> Data below:
((
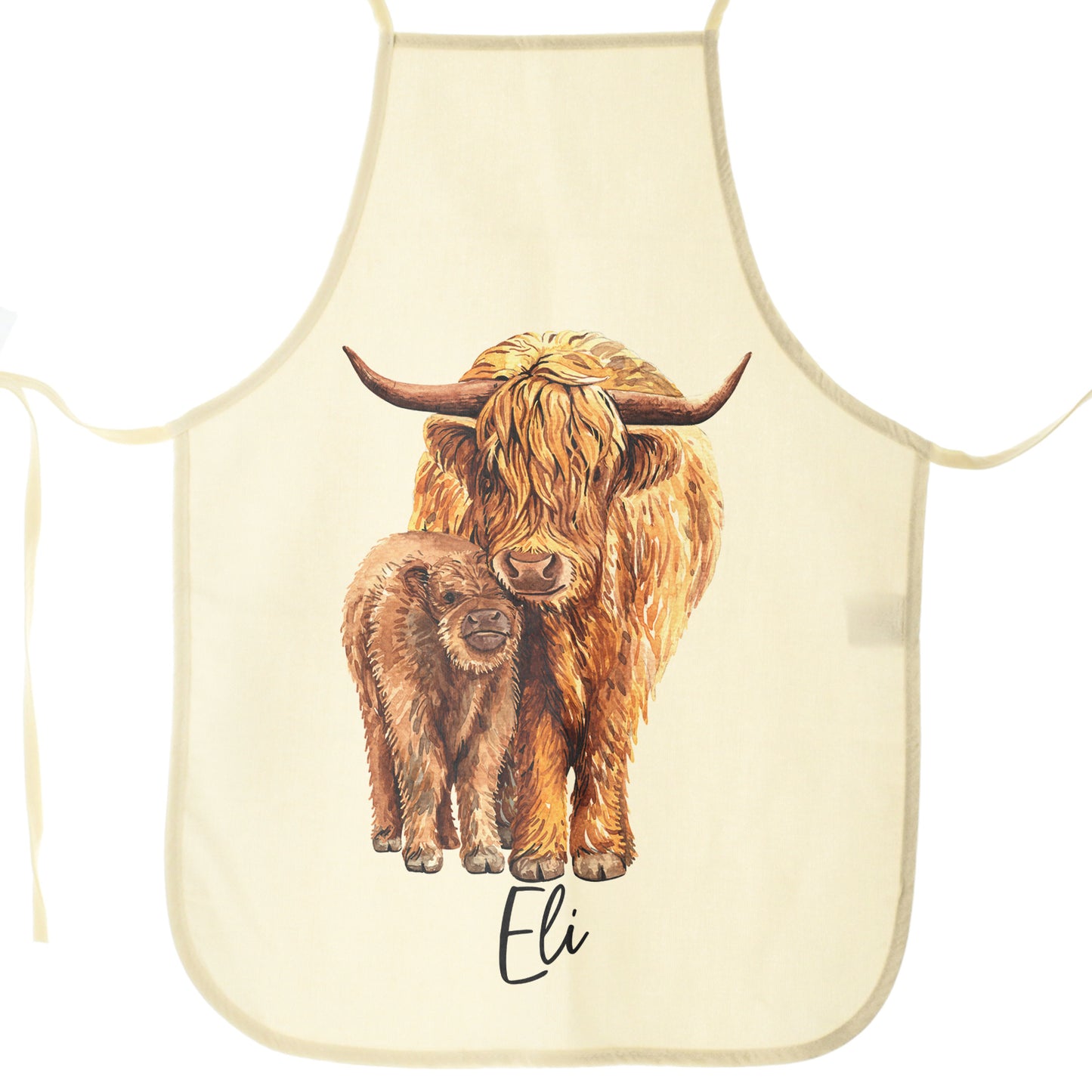 Personalised Apron with Welcoming Text and Relaxing Mum and Baby Highland Cows
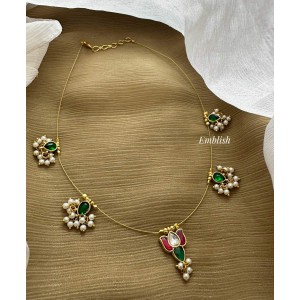 Kundan Jadau small Lotus Thilak Drop Invisble Chain Neckpiece 
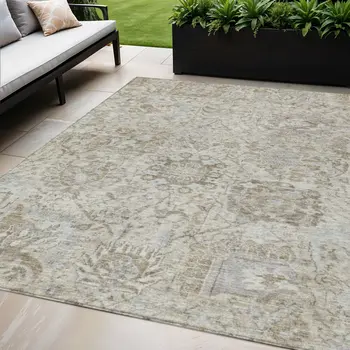 5' X 8' Ivory Brown And Gray Damask Washable Indoor Outdoor Area Rug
))
> Task to complete:
Repeat the material above in full and unchanged, minus its images.

> Exercise answer:
 Personalised Apron with Welcoming Text and Relaxing Mum and Baby Highland Cows
 Kundan Jadau small Lotus Thilak Drop Invisble Chain Neckpiece 
 5' X 8' Ivory Brown And Gray Damask Washable Indoor Outdoor Area Rug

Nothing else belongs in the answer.